I have a 3d object, several to be precise, and I want to find out which direction each of them is facing.
In addition, the aim is to select the same object as a hand, as another image.
Is it smartest to label the objects for each hand position and then proceed as object detection, or are there simple, less complicated variants / methods?
Hi!
Thanks for your reply! And great approach.
I created new classes for each object.
Also: I created another class for the hand, correct?
These are some examples of my labeling: EXAMPLE LABLES - Album on Imgur
Is this good? (Especially in this armchair object which’s direction is to the top (last object)
Thanks a lot!
Hi, I ran in one issue after labeling:
When using YOLO pose estimation, the name of the skeleton point will not be returned.
And it seems like I did the order of creating the skeleton points wrong for one of 13 classes and now it is “upside down”.
I hope it is understandable what I mean. So the front and back are reversed in the results.
How can I fix this? Do I have to create the class again and completely relabel it? Thank you very much for your help. I can also upload pictures again if required!
I’m using YOLOv8-pose external, on my PC with a GPU.
The keypoints are then output by the model.predict()[0].to_json(), but these keypoints are output WITHOUT names, but like this:
So I can’t tell the two keypoints apart as to which is which. Fortunately, for all but one class, it’s always start first and then end.

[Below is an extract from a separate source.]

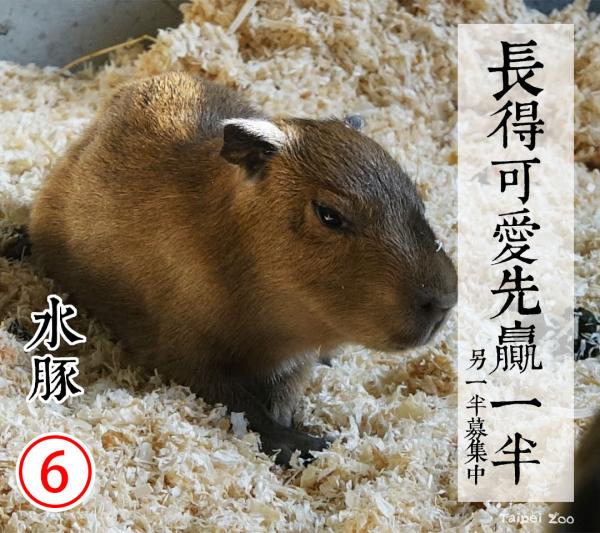 台北市立動物園園長選舉 超萌明星動物防疫政綱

They are also displayed graphically here are the examples:
(Yellow: front ;red: back)
I hope it has now become clearer what my problem is.
Do you know how I can fix this?
Because it seems to be relevant in roboflow which keypoint was created first, this is then named first in the listing and for exactly one class I did it the wrong way round when creating it. That is my assumption.
Okay, got it. I managed to fix it luckily!
I got one further question: I got like 2 objects: armchair and a car which seem to be often confused by the AI, also the training data says that.
How to prevent that in general?
Do I need to add more training pictures of these 2 objects? Should I increase or decrease the epochs?
I would filter your data by class to see if you have any mis-labeled images. Given you double-check everything I would then add some more images of those two classes.